There seems to be a general misconception that if you put a site on the Internet that business will just happen. This is akin to opening a brick and mortar business and not doing anything to attract clientele. B2B collaboration is the next paradigm shift.
If Canadians are to survive in the new global order they must open their eyes to the shift that is going on in every sector of our economy. If they don’t understand the concepts then they must make it their business to find out about them. Things are moving quickly and time is becoming a critical factor. Canada has one of the highest rates of Internet usage in the world while B2B internet usage drags the US dramatically. Furthermore, Canadians are heavy users, with around 90% of users using e-mail at least weekly. The Canadian Internet access market continues to grow strongly with over 64% of Canadians having Internet access by 2004 while nearly 87% in 2009.
Canadians have not yet grasped the concept of eCommerce trading! The conservative approach of Canadians for business to business transactions via procurement, sales and trade leaves Canadians behind the "eight ball" for effective commerce trade. Current Canadian company business models often see internet business transactions as a "wait and see" issue.

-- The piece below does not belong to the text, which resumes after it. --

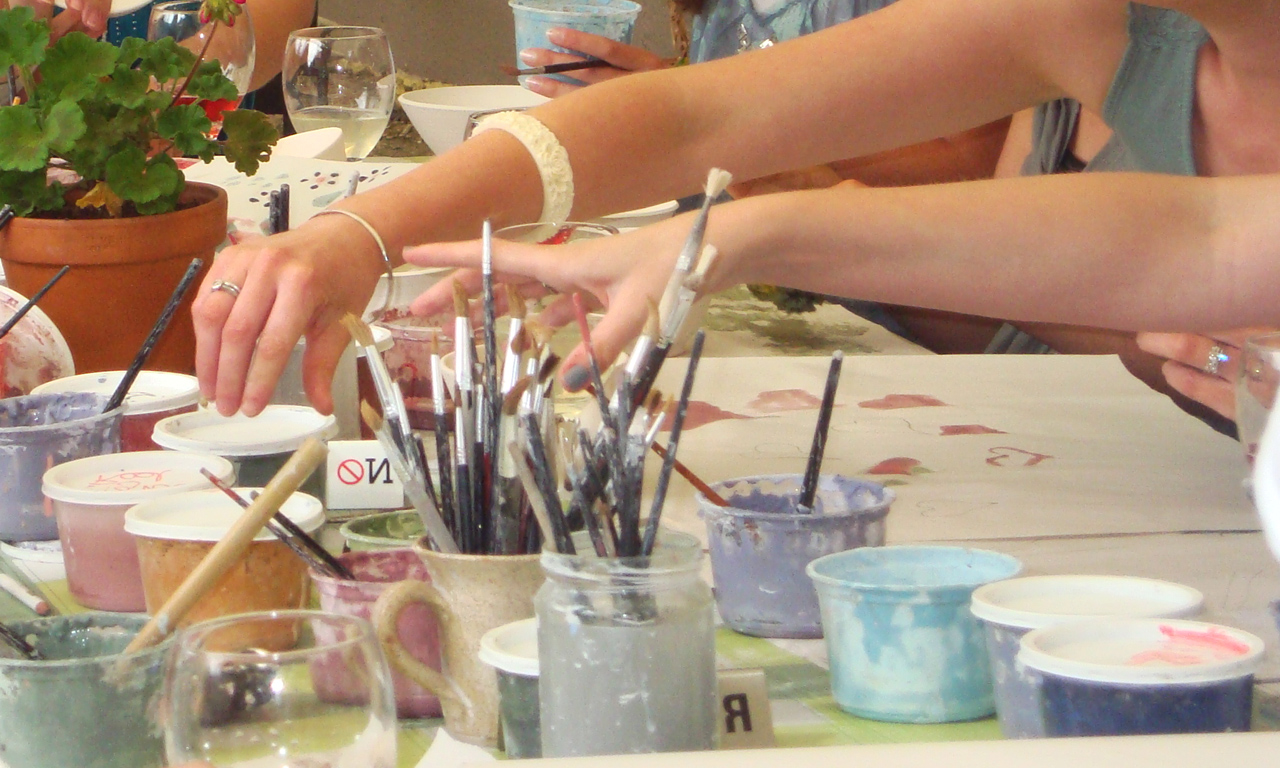 Craft Courses in Ireland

With this, Canadian businesses are the last to approach worldwide markets with trade and commerce.
Canadians love the technology ... but can't see the forest for the trees! In addition, young Canadians are avid, experienced online users. Internet access in the workplace is beginning to catch up with very healthy rates of household connection. Canadian consumers spend above-average time online and count themselves among the world's keenest bloggers.
So why does Canada continue to lag behind in most areas of online trading and development, such as B to B e-Commerce?

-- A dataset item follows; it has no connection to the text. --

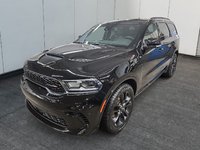 2024 Dodge Durango R/T AWD // BLACKTOP-0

"E-commerce has been slow to take off in the absence of retailers and online offerings that genuinely address Canadian tastes and requirements," said Karin von Abrams, eMarketer analyst and author of the new report, Canada Internet: Users and Usage. "Moreover, Canada's mobile networks and operators are not as well prepared as they should be to supply reliable data services."
Historically, workplace access to the Internet has not been nearly as common as home access in Canada, although the gap is quickly shrinking.
It is shown that Canadian's buy on the internet at a faster rate than the entire world, yet in the same individuals have not yet developed their business savy to use the internet to buy from Canadian businesses online. This shows that Candaians are personally progressive, but do not carry that progressiveness into the business! Why? ... There is nothing in it for them to gain personally while there is millions of dollars to gain in business! Thousands upon thousands of Canadian dollars are wasted in administration, carrying, and warehousing costs by not trading on-line!